Segment Start: RECORD SET
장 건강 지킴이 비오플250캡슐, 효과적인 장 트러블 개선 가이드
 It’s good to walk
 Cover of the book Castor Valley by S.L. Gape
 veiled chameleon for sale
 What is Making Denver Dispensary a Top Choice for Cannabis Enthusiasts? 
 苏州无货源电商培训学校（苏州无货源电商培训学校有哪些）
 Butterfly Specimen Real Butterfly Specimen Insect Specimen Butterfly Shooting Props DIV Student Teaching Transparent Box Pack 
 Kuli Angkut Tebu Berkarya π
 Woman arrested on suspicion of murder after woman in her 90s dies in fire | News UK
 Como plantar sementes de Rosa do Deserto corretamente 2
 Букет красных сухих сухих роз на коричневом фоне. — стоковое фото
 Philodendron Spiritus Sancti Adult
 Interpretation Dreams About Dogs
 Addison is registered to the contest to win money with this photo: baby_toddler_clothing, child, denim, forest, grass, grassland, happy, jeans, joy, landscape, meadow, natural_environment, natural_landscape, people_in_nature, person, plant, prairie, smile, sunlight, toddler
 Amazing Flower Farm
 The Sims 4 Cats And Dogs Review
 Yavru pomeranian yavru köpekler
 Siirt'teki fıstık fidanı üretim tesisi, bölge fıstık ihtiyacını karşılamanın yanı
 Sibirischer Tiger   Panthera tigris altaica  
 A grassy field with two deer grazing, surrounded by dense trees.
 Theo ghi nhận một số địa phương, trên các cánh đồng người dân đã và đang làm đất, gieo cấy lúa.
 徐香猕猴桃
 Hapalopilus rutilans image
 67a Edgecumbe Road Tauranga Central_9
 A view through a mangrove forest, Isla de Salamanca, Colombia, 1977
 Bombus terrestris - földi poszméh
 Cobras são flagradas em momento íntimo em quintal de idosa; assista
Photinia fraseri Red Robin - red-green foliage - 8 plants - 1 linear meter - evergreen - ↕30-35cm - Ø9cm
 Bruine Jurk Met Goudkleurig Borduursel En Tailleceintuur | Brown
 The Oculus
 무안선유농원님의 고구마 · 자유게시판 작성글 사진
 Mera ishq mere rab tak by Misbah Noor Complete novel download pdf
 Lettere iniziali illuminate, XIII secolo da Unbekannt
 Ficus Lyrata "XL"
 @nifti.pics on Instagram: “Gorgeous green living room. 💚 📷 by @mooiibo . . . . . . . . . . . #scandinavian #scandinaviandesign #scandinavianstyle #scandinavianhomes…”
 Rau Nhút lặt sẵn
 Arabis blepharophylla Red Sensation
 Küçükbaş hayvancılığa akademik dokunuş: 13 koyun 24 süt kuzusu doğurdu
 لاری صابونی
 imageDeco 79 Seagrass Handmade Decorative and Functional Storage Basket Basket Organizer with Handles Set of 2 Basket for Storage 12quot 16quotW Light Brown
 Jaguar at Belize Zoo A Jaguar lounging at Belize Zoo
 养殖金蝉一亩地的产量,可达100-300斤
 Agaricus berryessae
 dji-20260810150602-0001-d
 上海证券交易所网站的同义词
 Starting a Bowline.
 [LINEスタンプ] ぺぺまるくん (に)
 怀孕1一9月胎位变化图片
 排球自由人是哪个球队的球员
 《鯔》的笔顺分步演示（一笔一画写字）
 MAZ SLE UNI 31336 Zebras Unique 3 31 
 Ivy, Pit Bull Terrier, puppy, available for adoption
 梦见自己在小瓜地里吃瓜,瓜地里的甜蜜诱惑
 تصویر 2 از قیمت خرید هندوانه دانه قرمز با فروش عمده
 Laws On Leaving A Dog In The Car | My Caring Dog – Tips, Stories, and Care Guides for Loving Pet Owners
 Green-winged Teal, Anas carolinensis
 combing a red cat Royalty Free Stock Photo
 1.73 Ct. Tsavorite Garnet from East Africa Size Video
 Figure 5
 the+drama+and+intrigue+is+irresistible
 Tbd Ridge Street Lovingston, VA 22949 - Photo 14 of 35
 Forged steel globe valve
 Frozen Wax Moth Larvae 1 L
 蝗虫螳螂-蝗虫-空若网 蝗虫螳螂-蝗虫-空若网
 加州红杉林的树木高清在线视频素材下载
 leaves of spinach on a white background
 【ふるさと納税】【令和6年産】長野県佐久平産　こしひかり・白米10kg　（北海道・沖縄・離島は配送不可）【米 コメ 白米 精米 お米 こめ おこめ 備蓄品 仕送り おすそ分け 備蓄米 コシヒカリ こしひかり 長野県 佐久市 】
Segment End: RECORD SET
• **TASK TO CARRY OUT**: Output exactly the lines between the one containing "Forged steel globe valve" and the final line above, both inclusive.

• **EXERCISE ANSWER**:
 Forged steel globe valve
 Frozen Wax Moth Larvae 1 L
 蝗虫螳螂-蝗虫-空若网 蝗虫螳螂-蝗虫-空若网
 加州红杉林的树木高清在线视频素材下载
 leaves of spinach on a white background
 【ふるさと納税】【令和6年産】長野県佐久平産　こしひかり・白米10kg　（北海道・沖縄・離島は配送不可）【米 コメ 白米 精米 お米 こめ おこめ 備蓄品 仕送り おすそ分け 備蓄米 コシヒカリ こしひかり 長野県 佐久市 】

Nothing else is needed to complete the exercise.